When Behavioral Safety Evaluation Fails: A Representation-Level Perspective
Enyi Jiang, Anders Gj{\o}lbye, Yibo Jacky Zhang, Sanmi Koyejo
Why It Matters
What makes this one worth your time
Understanding representation-level vulnerabilities is crucial for developing more robust AI systems, as current evaluations may provide a false sense of security.
This research reveals critical vulnerabilities in LLMs that behavioral safety metrics overlook.
Summary
The paper identifies a gap between behavioral safety evaluations and representation-level robustness in large language models, proposing a new evaluation framework and the Latent Vulnerability Score (LVS) to assess model vulnerabilities under intervention.
Key contributions
- Formalization of the audit gap between behavioral safety and representation-level robustness.
- Development of an intervention-based evaluation framework for testing model robustness.
- Introduction of the Latent Vulnerability Score (LVS) for measuring latent vulnerabilities.
Notable insights
- The introduction of the Latent Vulnerability Score (LVS) offers a novel metric for assessing model robustness beyond observable behavior.
- Dissociated models can maintain safe outward behavior while being internally vulnerable, highlighting the need for deeper evaluations.
Possible limitations
- Not stated in the abstract.
Abstract
arXiv:2606.08044v1 Announce Type: cross Abstract: Large Language Model (LLM) safety has often been evaluated at the behavior level, which provides limited evidence of internal robustness, as these evaluations target outputs rather than representation-level vulnerability under intervention.
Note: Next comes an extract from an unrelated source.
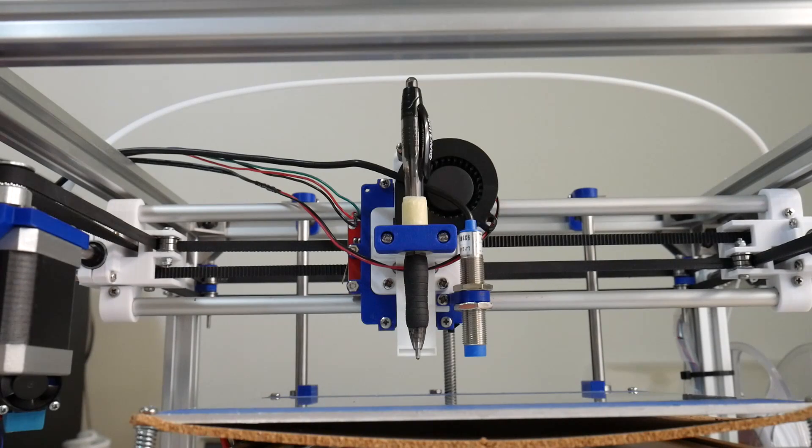Did you know a 3D printer is a CNC machine? That means you can use it for other tasks other than 3D printing.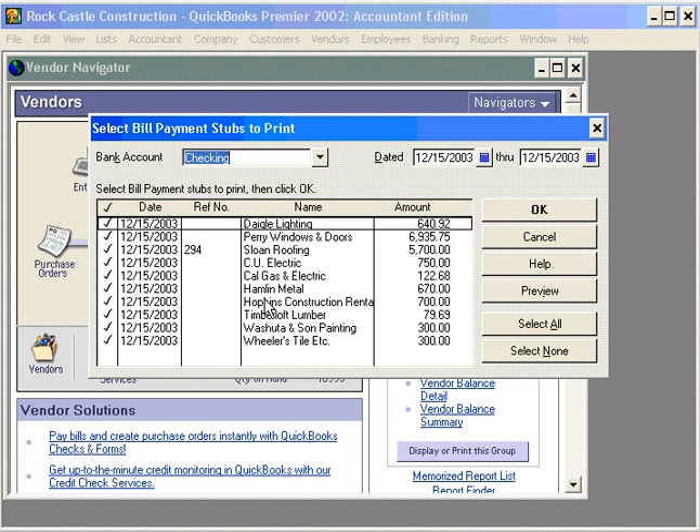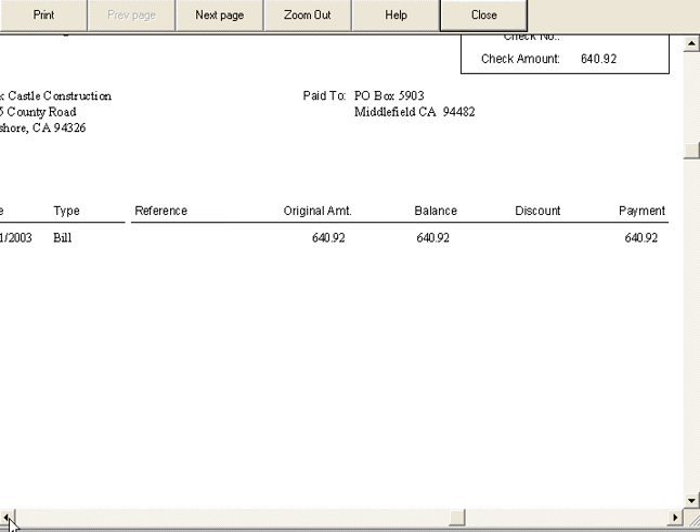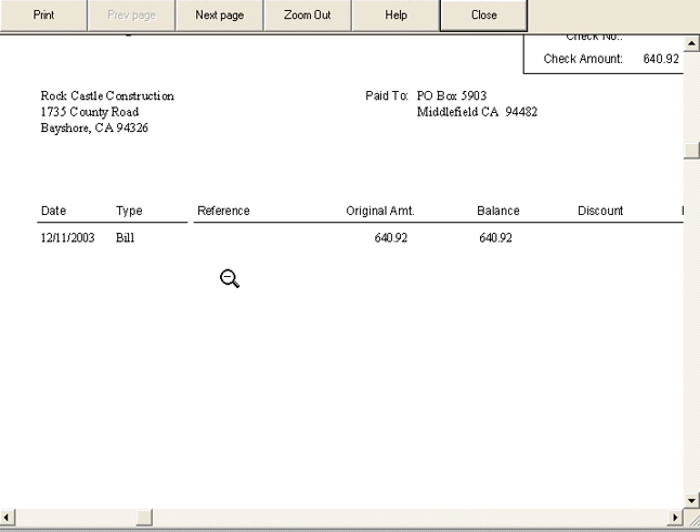Here, we can print payment stubs for all the checks that we've printed. Let's click on Preview and let's preview this stub. Here's the first bill payment stub. Let's zoom in a little bit here. You can see that the bill payment stub will print all the necessary information related to the check that you've processed.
We formalize this discrepancy as the audit gap: the difference between behavioral safety and robustness under intervention. To study this gap, we construct dissociated models that preserve safe outward behavior while remaining vulnerable in the latent space. We introduce an intervention-based evaluation framework to test model robustness through soft interventions in parameter and latent spaces, including harmful fine-tuning and layer-wise latent perturbations. To formalize the evaluation, we propose the Latent Vulnerability Score (LVS) to measure how easily harmful behavior can be elicited by bounded latent perturbations. Using this evaluation framework, we show that behavioral safety metrics are insufficient measures of representation-level robustness across multiple safely and unsafely aligned state-of-the-art models. Notably, dissociated models show substantially elevated LVSs despite comparable refusal behavior under harmful intervention, with intermediate representations being the most sensitive to intervention. Our results suggest that behavioral safety evaluation alone provides an incomplete picture of model robustness, motivating representation-aware audits of latent vulnerability and observable behavior.